WORK INSTRUCTION:
Start at the first line below and write out everything verbatim except the pictures.

STORED DATA:
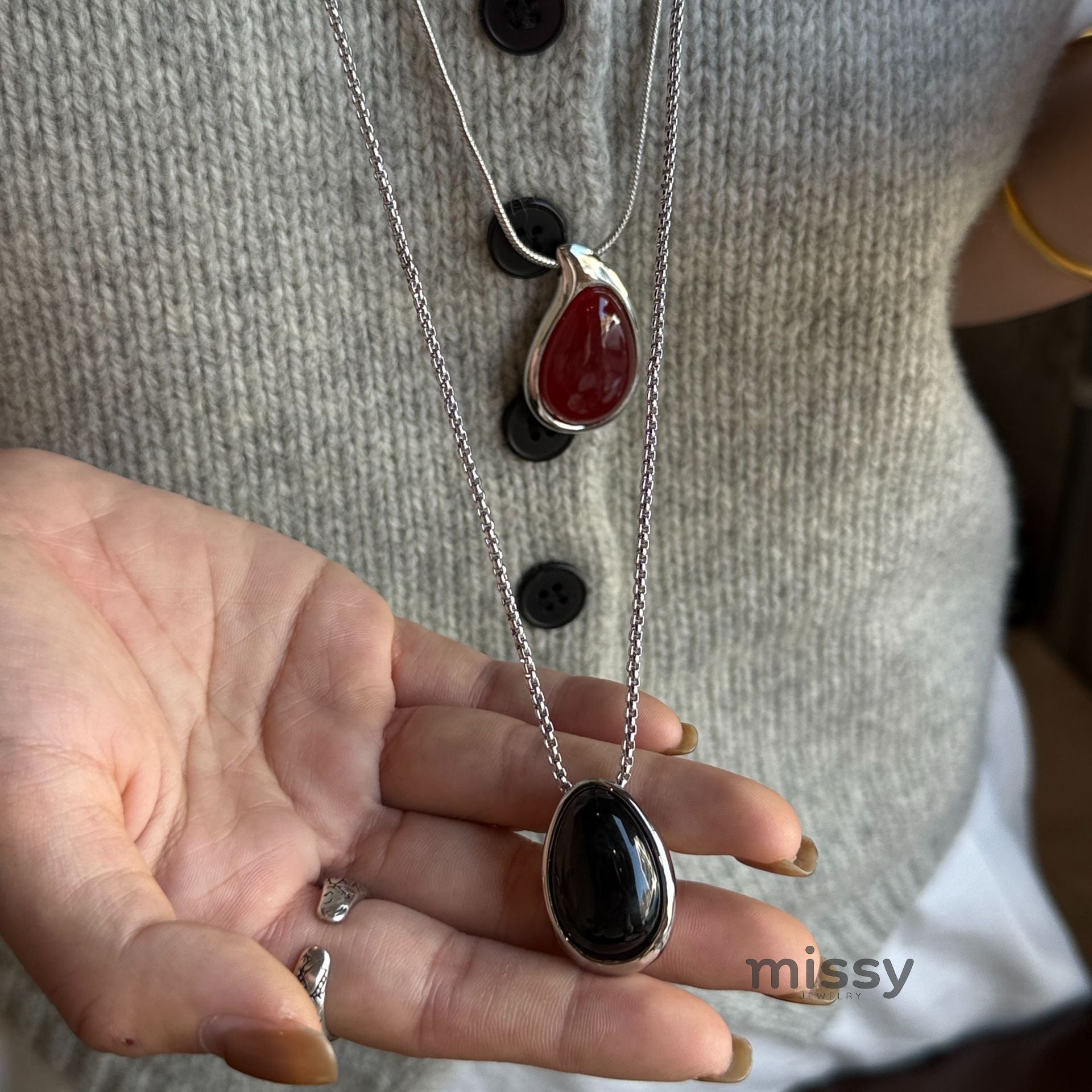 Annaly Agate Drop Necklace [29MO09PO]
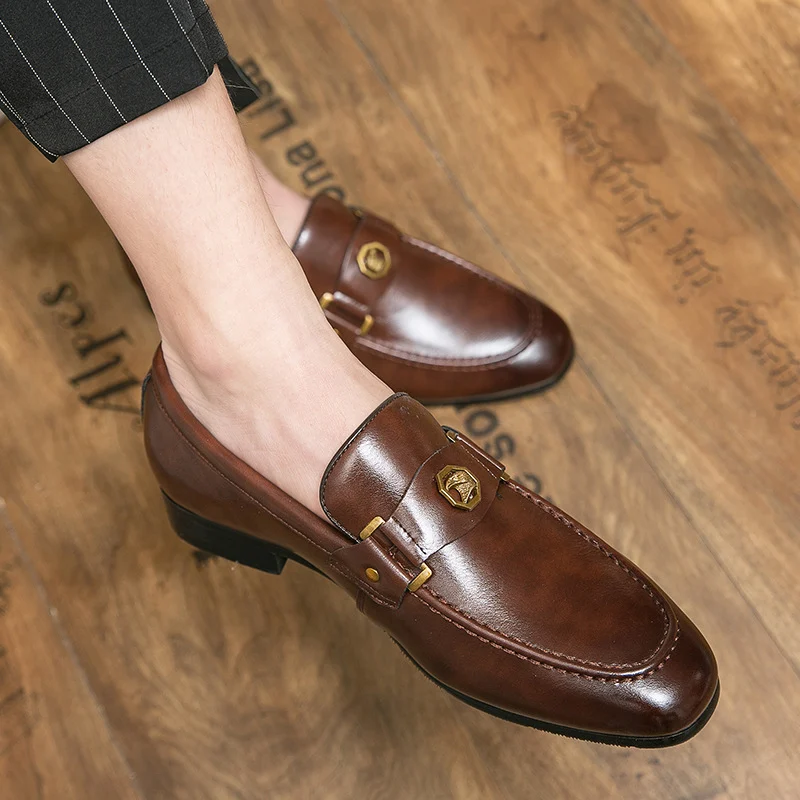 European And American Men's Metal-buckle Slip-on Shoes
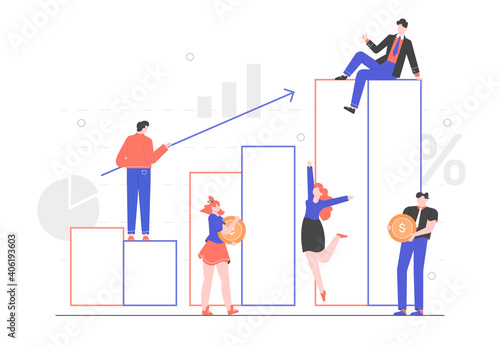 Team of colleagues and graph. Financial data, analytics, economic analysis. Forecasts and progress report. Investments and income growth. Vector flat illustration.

SOLUTION BELOW:
 Annaly Agate Drop Necklace [29MO09PO]
 European And American Men's Metal-buckle Slip-on Shoes
 Team of colleagues and graph. Financial data, analytics, economic analysis. Forecasts and progress report. Investments and income growth. Vector flat illustration.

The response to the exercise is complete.